A MAIORIA DOS REFORMADOS (CERCA DE 800.000) QUE RECEBEM AS CHAMADAS
PENSÕES MINIMAS DO REGIME GERAL TERÁ UM AUMENTO DE APENAS 2,5%
O governo fala de aumentos nas pensões entre 2,3 e 9%. A verdade
é que apenas um número muito reduzido de reformados apenas
0,4% do total de reformados terá o aumento de 9% como mostram os
dados do quadro II.
Como mostram os dados do quadro II, a maioria dos reformados (os com menos de
15 anos de descontos), que representam mais de 59% do total de reformados
abrangidos por estas pensões mínimas, e 18,3% de
todos os reformados do País, terão um aumento apenas de 2,5%, o
que corresponde a 5,29 euros por mês, isto é, 17,6 cêntimos
por dia.
Os reformados que terão um aumento de 9%, são apenas 10.667
reformados num total de 2.600.000, ou seja, representam apenas 0,4% de todos os
reformados. Até parece que este aumento foi criado com o
propósito exclusivo de ser utilizado na manipulação da
opinião pública por meio comunicação social
procurando dar uma ideia de aumentos da generalidade das pensões que
não correspondem à verdade, ocultando desta forma o facto da
esmagadora maioria dos reformados (quase 73%) terem aumentos praticamente
iguais ou mesmo abaixo da taxa de inflação .
A análise dos dados do quadro II permite tirar também outras
conclusões. Eles mostram que no cálculo dos aumentos esteve
ausente qualquer critério de justiça social ou mesmo
lógico. Assim, os reformados com pensões mais baixas ( 211,5 por
mês) e com pensões mais altas ( 325,37 euros) vão ter os
mesmos aumentos (apenas + 2,5%), enquanto reformados com pensões mais
elevadas vão ter aumentos duas a quatro vezes superiores quer em
percentagem quer euros aos das pensões mais baixas. Também o
critério de numero de anos de desconto não foi utilizado pois
grupos de reformados com menor número anos de descontos vão ter
aumentos percentuais maiores do que reformados com mais anos de descontos.

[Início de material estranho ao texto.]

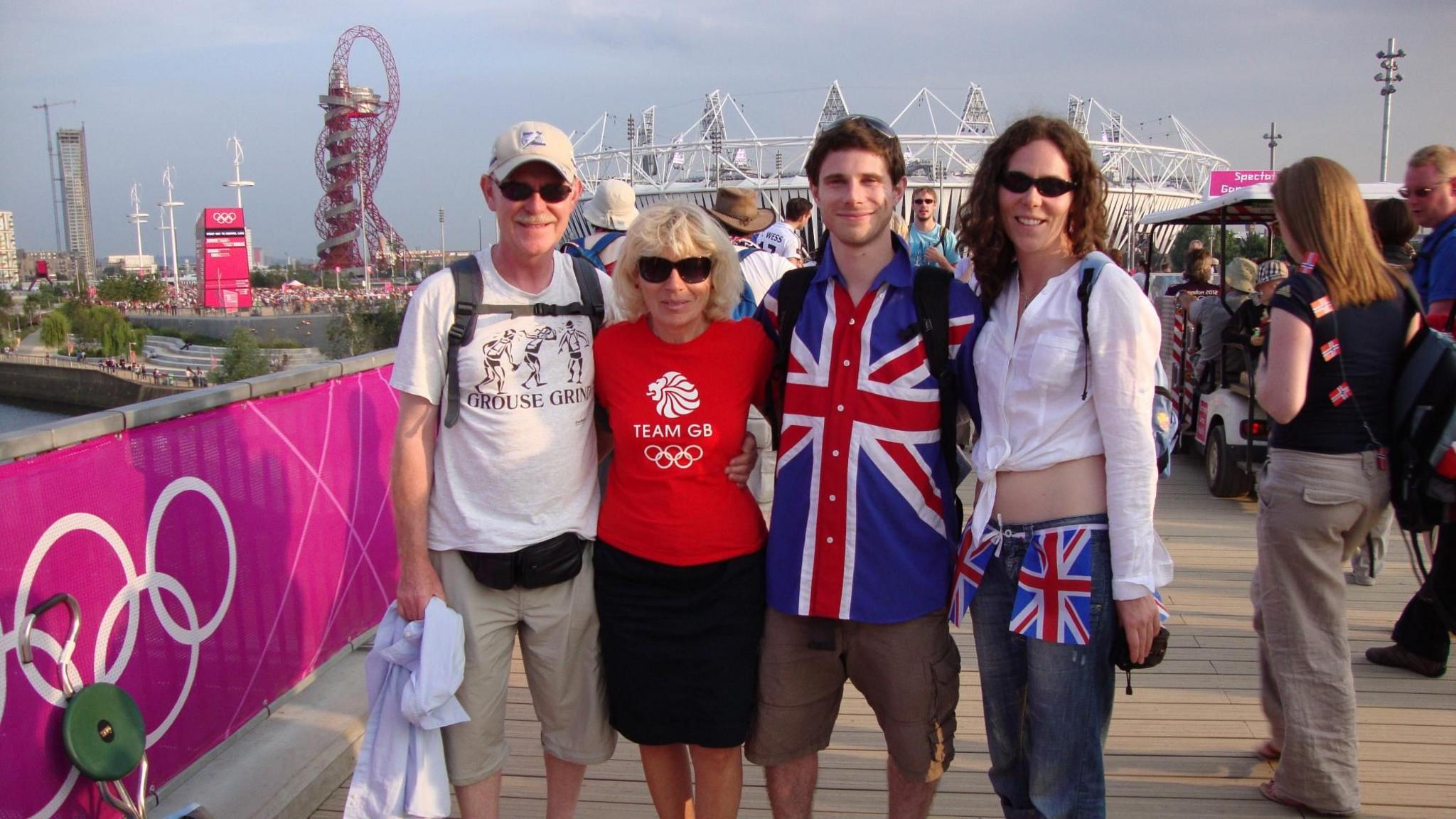 Julia Beeden with her family before being diagnosed with breast cancer. They are standing outside the Olympic Stadium during London 2012. Julia is wearing a white shirt and has sunglasses on, her brother is wearing a shirt with a union jack on it, while her mother is wearing a red Team GB T-Shirt and her father has a cream T-shirt with a back pack and bum-bag.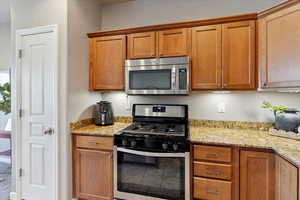 Kitchen featuring appliances with stainless steel finishes, brown cabinetry, and light stone counters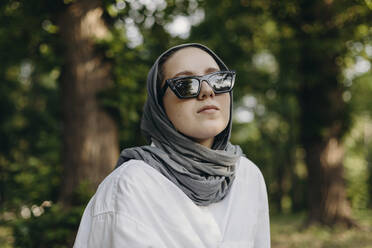 Junge Frau mit Kopftuch und Sonnenbrille im Park - KASF00002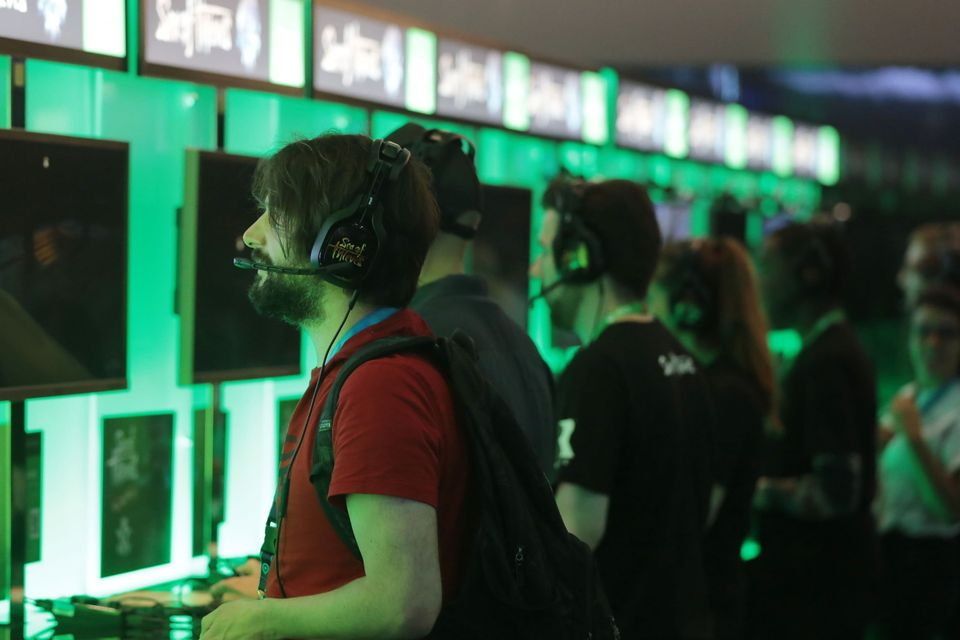 'Our goal is to launch this product at Gamescom at the end of August with Microsoft,' said Blacoe. Above, gamers at Gamescon in Germany. Photo: AP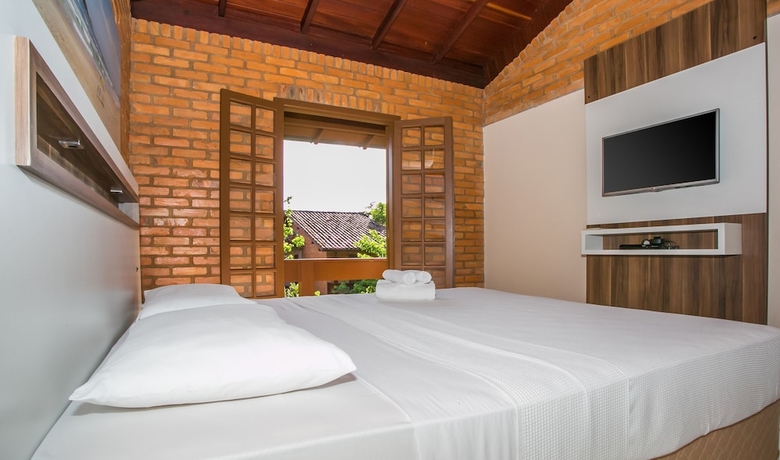 Imagen de la habitación del Hotel Sao Sebastiao Da Praia. Foto 4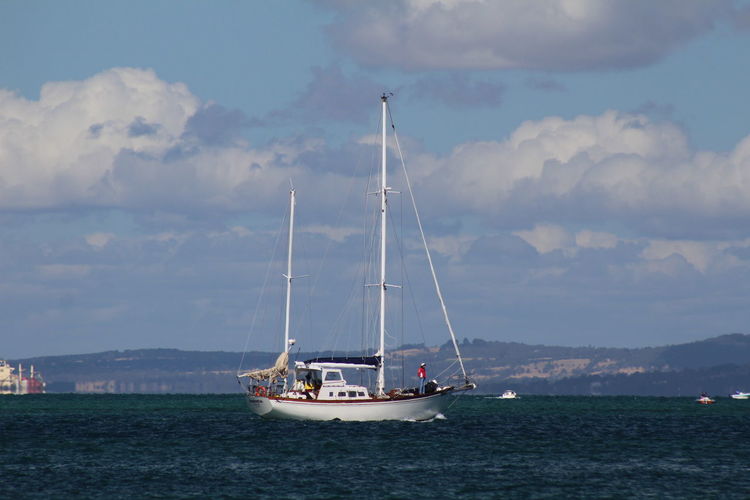 Sailboat on sea against cloudy sky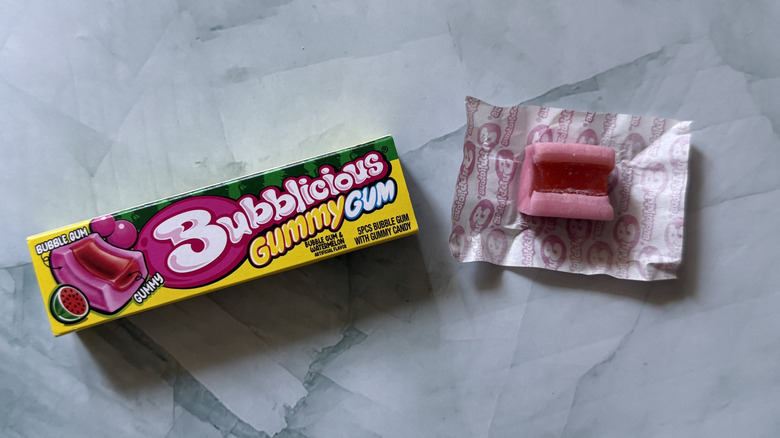 Pack of Bubblicious Gummy Gum in watermelon flavor next to an unwrapped piece of gum on countertop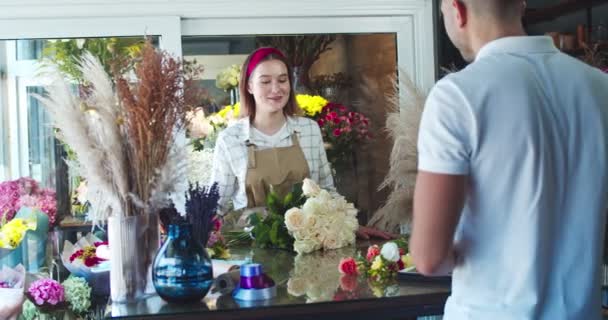 Piękna kobieta kwiaciarnia wita męskiego klienta i daje mu porządek w kwiaciarni. Przystojniak przychodzi do sklepu, żeby wziąć bukiet kwiatów, dać pieniądze i odejść. Biznes, koncepcja handlu. — Wideo stockowe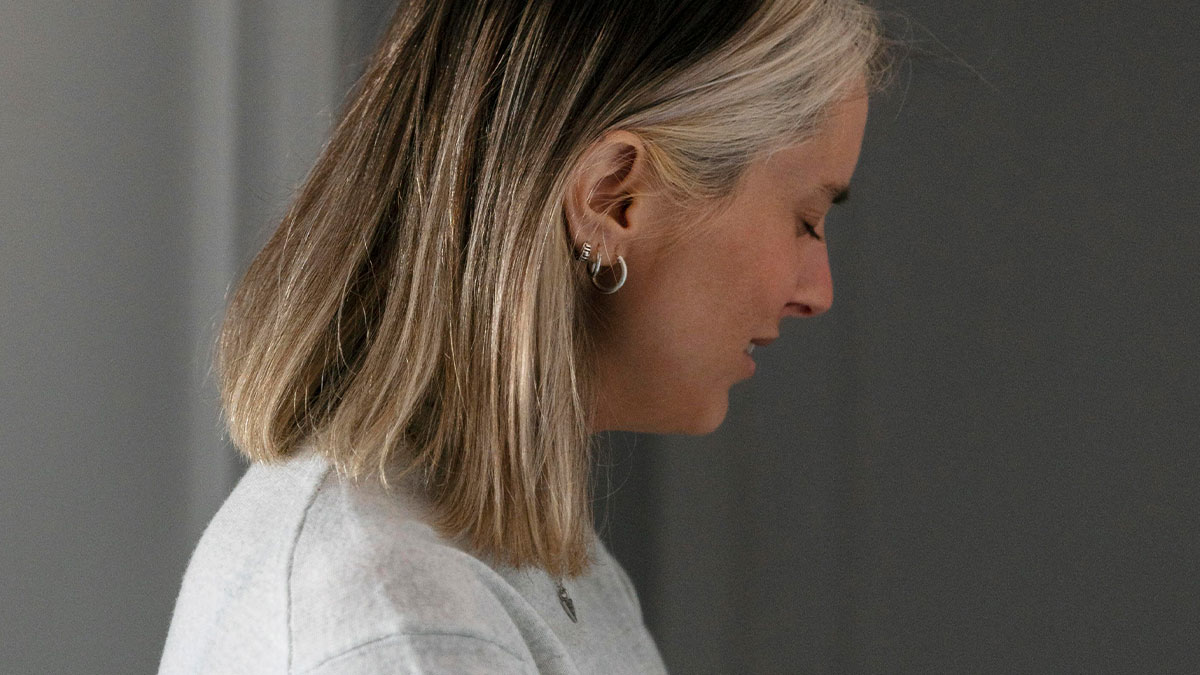 Woman with blonde hair looking down, reflecting on a woman catching her mom sleeping with her husband affair.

Verificam-se assim aumentos percentuais muito diferentes de escalão para
escalão que agravam desigualdades e sentimentos de injustiça.
AUMENTOS DE APENAS 9,4 EUROS NA PENSÃO SOCIAL E NAS PENSÕES DO
REGIME DOS AGRÍCOLAS
As pensões sociais e também as pensões do chamado regime
especial das actividades agrícolas são recebidas por pessoas que,
na sua esmagadora maioria, vivem em situação próxima ou
mesmo de miséria. E como mostram os dados do quadro III os aumentos
anunciados pelo governo para estes reformados são claramente
insuficientes para melhorar a situação em que vivem.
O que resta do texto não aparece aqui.